Além disso, a esquerda negligenciou o debate da segurança urbana. “Quem sofre violência todos os dias é a pessoa pobre que está na parada de ônibus à meia-noite, em ruas escuras, sem iluminação, e que é corriqueiramente assaltada. 100% dos nossos interlocutores foram assaltados, e são histórias de assaltos muito violentos. Quando eles perdiam os bens, como um celular por exemplo, perdiam também os elementos estruturantes de cidadania e reconhecimento que se dava via consumo. E já não havia mais espaços coletivos para discutir a angústia, a violência, o medo, a frustração. O feminismo proporciona isso às mulheres, mas os homens não têm hoje esse tipo de espaço. Eles viveram e vivem a violência de maneira muito individualizada.”
“Nesse mundo doido em que as meninas estão falando de política”, Bolsonaro representa a ideia de uma figura militar que iria restaurar uma autoridade masculina e garantir “uma ordem no mundo perdido”: “Na sociologia já há muitos estudos sobre a ideia da arma na construção da hipermasculinidade como algo fundamental. Muito mais do que proteger bens, ela protege a honra e a masculinidade.
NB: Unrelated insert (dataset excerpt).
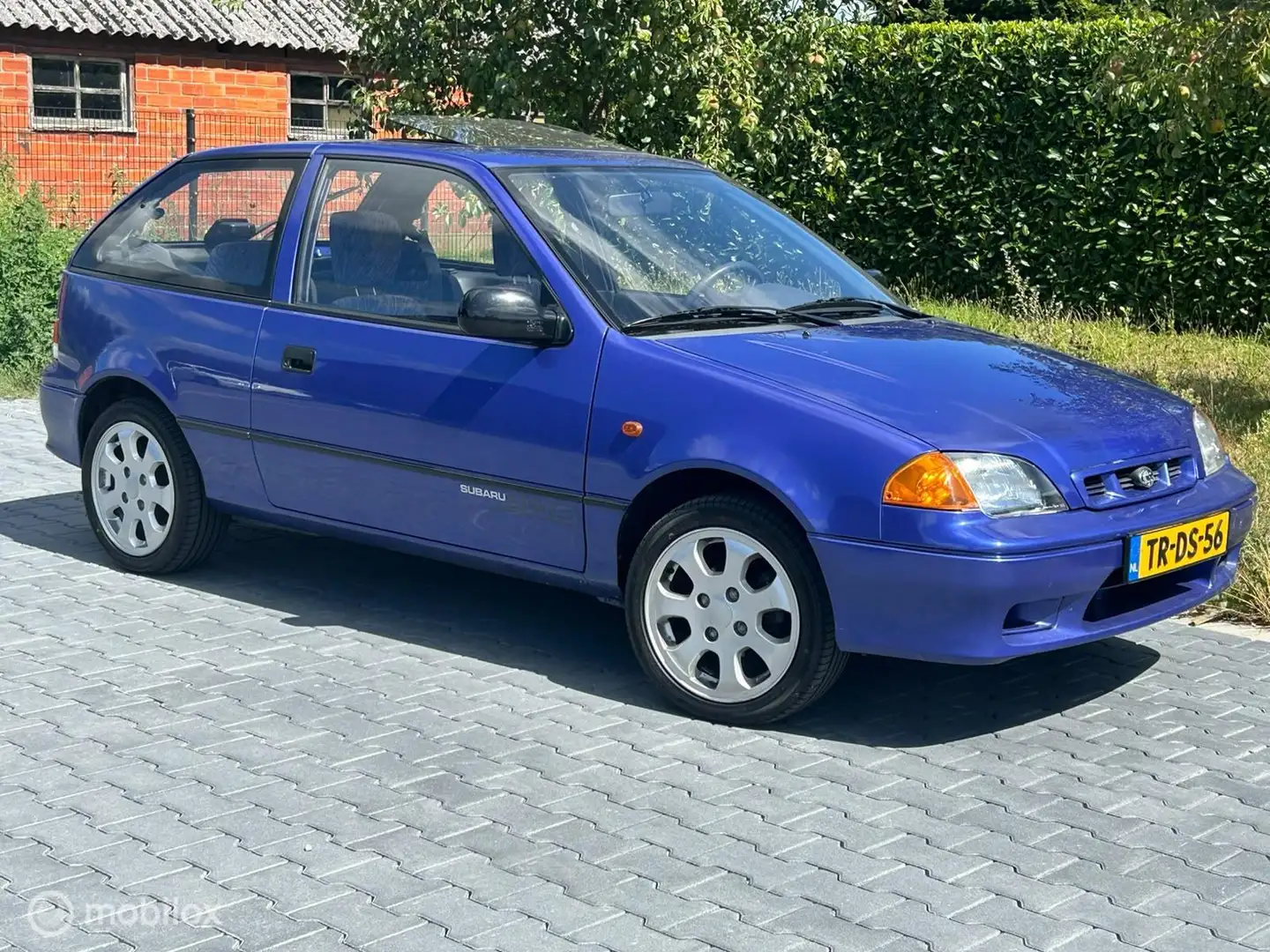Subaru Justy 1.3 GX AWD org NL, zeer netjes, 2e eigenaar Blau - 2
Há ainda uma categoria de trabalhadores que são pobres, mas não paupérrimos, que entende que PT fez pouco por eles, mas muito por gays, mulheres e ‘vagabundos’. E contra ‘vagabundos’, Bolsonaro tem esse discurso forte de que ‘tem que morrer’, a ‘polícia tem que matar’. Muitas periferias têm características parecidas, com um discurso punitivista muito forte entre as classes C e D. As pessoas acham que deveria haver mais punição e inclusive pena de morte. A narrativa da impunidade é disseminada todos os dias na televisão pelo Datena e também pelas imagens de violência que circulam no Whatsapp do Brasil profundo. São imagens quase impossíveis de ver. Grande parte da população só recebe isso.”
As pesquisadoras interpretam os últimos meses antes das eleições, “quando Bolsonaro começou a crescer absurdamente”, como um momento de “efervescência coletiva”: “Não conseguíamos mais entrevistar as pessoas. ‘Por que você vota em Bolsonaro?’ ‘Pela família, por Deus, pela corrupção, pelo cachorro, por tudo.’ Era um movimento de radicalização, muito emocional e de contágio, principalmente porque, com Lula fora do pleito, ele dominou o cenário. E no final do processo eleitoral parecia que votar em Bolsonaro era muito mais uma questão de pertencimento do que um entusiasmo real. Tanto que ninguém se autodenominava ou se reconhecia como de direita, a maioria sequer sabia o que significava ‘ser de direita’. Por isso eu digo que a extrema direita ganhou, mas as feministas também ganharam. Hoje o cenário está mudando e os grandes meios de comunicação têm apresentado muitas críticas a Bolsonaro. Acredito, portanto, que as estruturas institucionais prevalecerão e veremos um processo de redemocratização.”